Data segment:
════════════════

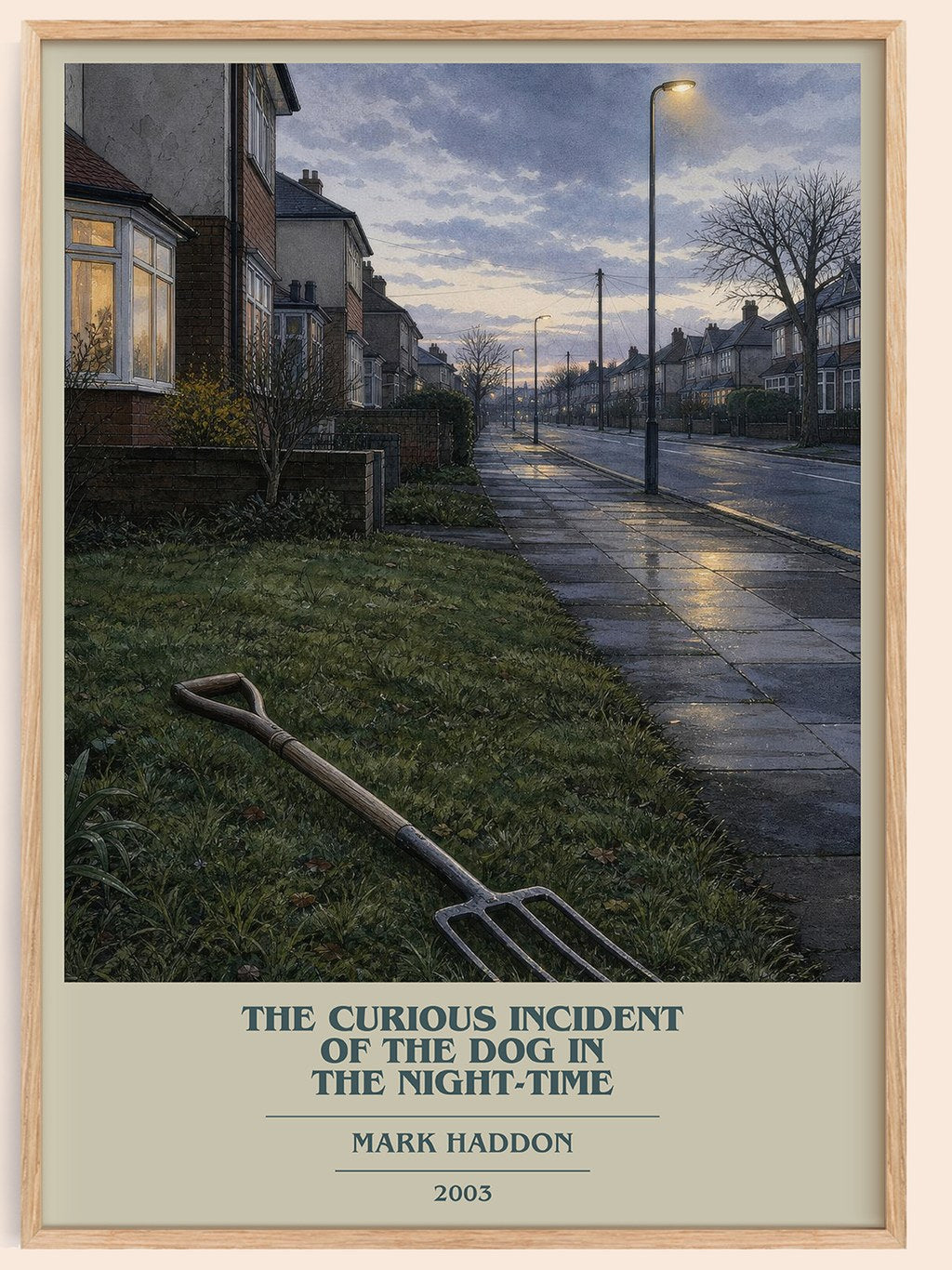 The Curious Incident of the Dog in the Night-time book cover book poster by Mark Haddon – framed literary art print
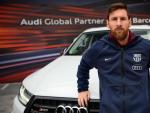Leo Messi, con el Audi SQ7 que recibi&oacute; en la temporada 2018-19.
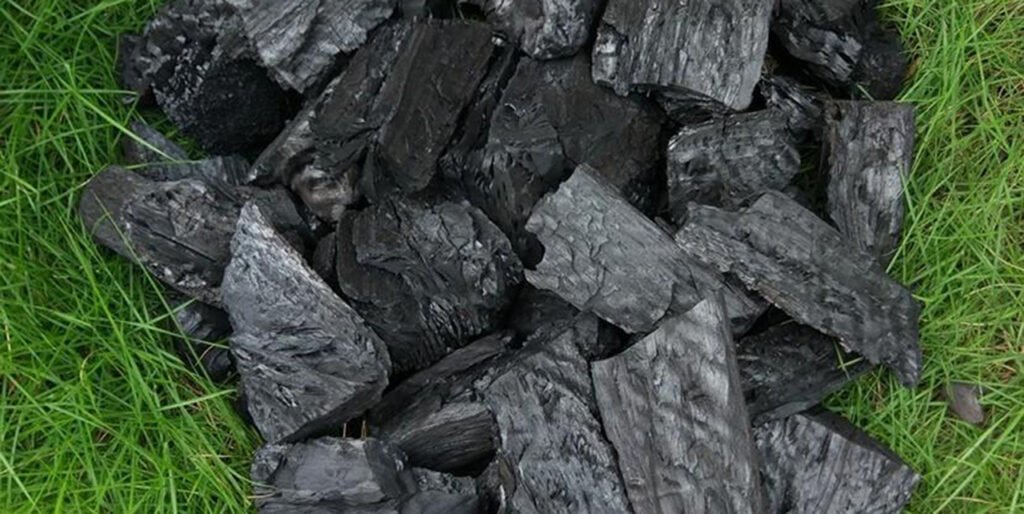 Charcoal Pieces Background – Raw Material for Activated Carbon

════════════════

Exercise brief:
Apart from the images, retype the full material exactly as written.

Result of this exercise:
 The Curious Incident of the Dog in the Night-time book cover book poster by Mark Haddon – framed literary art print
Leo Messi, con el Audi SQ7 que recibi&oacute; en la temporada 2018-19.
 Charcoal Pieces Background – Raw Material for Activated Carbon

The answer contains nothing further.